Looking at bWAR’s Defensive Adjustment for Pitcher WAR
In 2018, the Philadelphia Phillies defense combined for -93 DRS, costing the team over half a run per game compared to an average defense. Though the pitching staff combined for a 3.83 FIP (seventh in MLB), defensive mistakes led to a middling 4.49 runs against per game. Much of the rotation underperformed their peripheral statistics, with Nick Pivetta and Vince Velasquez each having ERAs that exceeded their FIPs by more than a run. Against this backdrop, Aaron Nola’s performance was miraculous: a 2.37 ERA (fourth in MLB) over 212.1 innings pitched. Nola’s elite run prevention despite Philadelphia’s historically bad defense resulted in 10.2 bWAR, the 2second-best single season among all currently active pitchers.

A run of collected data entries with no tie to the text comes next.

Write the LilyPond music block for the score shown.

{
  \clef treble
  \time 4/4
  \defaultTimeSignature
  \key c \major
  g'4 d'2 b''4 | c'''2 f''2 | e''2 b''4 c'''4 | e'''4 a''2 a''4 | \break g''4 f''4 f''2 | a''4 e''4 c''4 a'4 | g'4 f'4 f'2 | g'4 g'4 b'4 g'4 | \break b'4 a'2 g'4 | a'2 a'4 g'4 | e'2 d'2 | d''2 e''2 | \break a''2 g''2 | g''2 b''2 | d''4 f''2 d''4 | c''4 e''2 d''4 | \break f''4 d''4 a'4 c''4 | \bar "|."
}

According to FanGraphs, however, Nola’s performance was more All-Star-worthy than historic, as his 3.01 FIP notched him just 5.5 fWAR. Perhaps this case merely illustrates why one should opt for fWAR over bWAR and FIP over ERA; however, I don’t believe that bWAR is beyond salvaging, and philosophically I believe that to assess a pitcher’s value to a team we must examine the entirety of his work rather than just balls not in play. What this case illustrates is the need to rethink bWAR’s defensive component, which assumes that all pitchers are equally affected by a team’s good or bad defensive performance. This is obviously not the case. Defense is capricious, and a few bad or great plays behind a pitcher can cost or save several runs.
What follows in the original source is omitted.